Santri dan alumni adalah dua elemen yang tak bisa dipisahkan. Santri berbicara tentang pencarian ilmu dan pembekalan diri, sementara alumni lebih fokus pada pengabdian. Sebagai bagian dari keduanya, penulis ingin mengulas tentang darma alumni. Karena penulis juga merupakan mahasiswa semester akhir yang tengah menyelesaikan skripsi, pembahasan ini akan lebih spesifik pada peran alumni yang juga masih berproses sebagai mahasiswa.

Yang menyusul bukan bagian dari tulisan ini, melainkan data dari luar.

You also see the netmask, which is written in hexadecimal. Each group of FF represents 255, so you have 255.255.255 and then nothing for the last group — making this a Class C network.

Secara etimologi, kata “darma”, “khidmat”, dan “ngabdi” berasal dari akar yang sama, yaitu menyerahkan kehidupan sebagai pembantu bagi yang ia abdi. Sebagai contoh, Ibnu Abbas, ketika masih kecil, pernah mengambilkan air untuk Nabi Muhammad SAW saat beliau dalam keadaan membutuhkan. Meskipun kita mungkin menganggapnya sebagai hal kecil, itulah pengabdian yang sejati—tanpa mengenal besar atau kecilnya tugas. Pengabdian berarti ikhlas menjadi pembantu.

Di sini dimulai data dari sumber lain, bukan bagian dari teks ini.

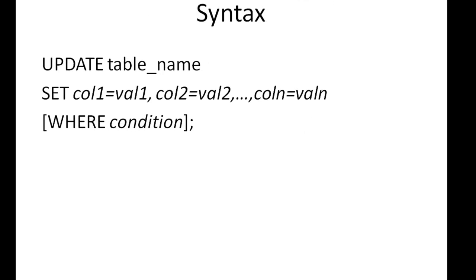So the syntax is pretty simple. You have the UPDATE keyword and then you put in the name of your table. On the next line you put in the SET keyword, and then after that you put in the names of the columns that you want to update with the corresponding values. On line number three, you put in the WHERE condition. Since it's optional, I've mentioned all of that within square brackets.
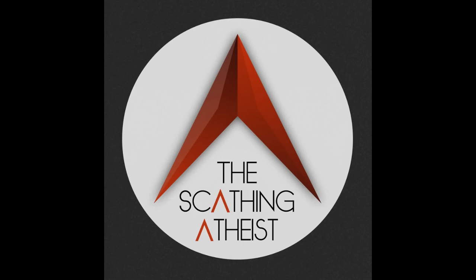Indiana Wesleyan University provides accessible education for every chapter of life. Traditional students learn, live, and lead through rich community on IWU's beautiful 350-acre campus in Marion, Indiana.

Dalam konteks organisasi IMANC, pengabdian berarti tidak membiarkan organisasi ini stagnan atau vakum. Hal yang lebih mendalam lagi adalah pengabdian sebagai parameter ketaatan seorang santri kepada kyai. Bukankah di Pondok Pesantren Nurul Cholil terdapat norma “mon tak atoro’ guruh takok neng belet”? Ini menunjukkan bahwa taat kepada kyai adalah dasar pengabdian.

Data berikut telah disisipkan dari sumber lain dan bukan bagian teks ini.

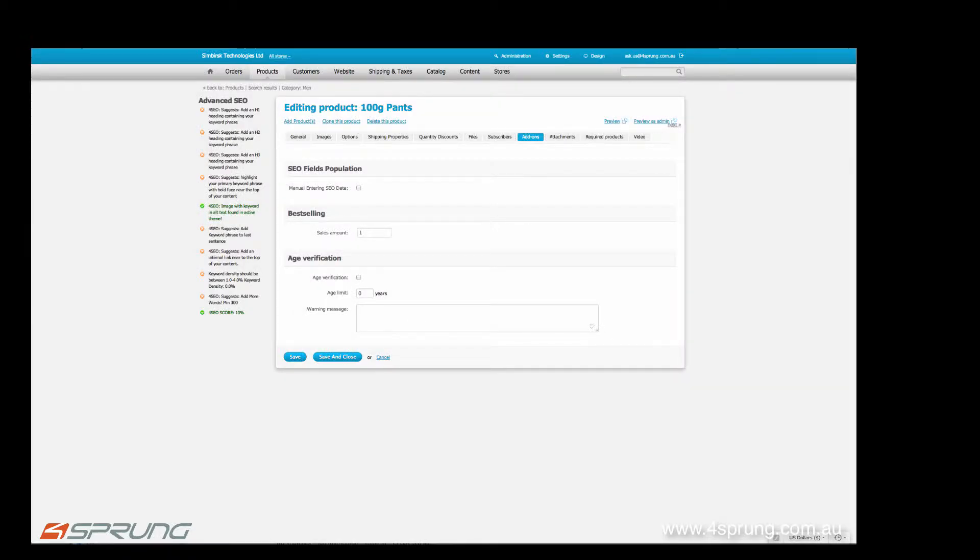Hello, this is a quick introduction into our advanced SEO add-on for CSCart version 2.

Sebagai tambahan, mari kita kutip salah satu perkataan Gus Kautsar: “وَعَلَى قَدَرِ الْمَحَبَّةِ تَكُونُ سَرَايَةُ الْحَالِ” (“… sesuai kadar kecintaan terhadap masyaikh, maka insyaallah sedalam itu pula karakter masyayikh merasuki jiwa kita”). Pernyataan ini menunjukkan bahwa pembentukan karakter pada seorang santri itu sesuai dengan kadar kecintaan dan pengabdian kita kepada seorang guru. Sebagai santri Nurul Cholil yang telah dipimpin oleh tiga generasi pengasuh—K.H. Munthasor, K.H. Zubair Muntashor, dan K.H. Abdullah Zubair—kita mengenal tiga karakter mulia mereka: zuhud, disiplin, dan kesabaran. Sejauh mana karakter ini tertanam dalam diri santri, itulah yang akan menunjukkan kecintaan kita.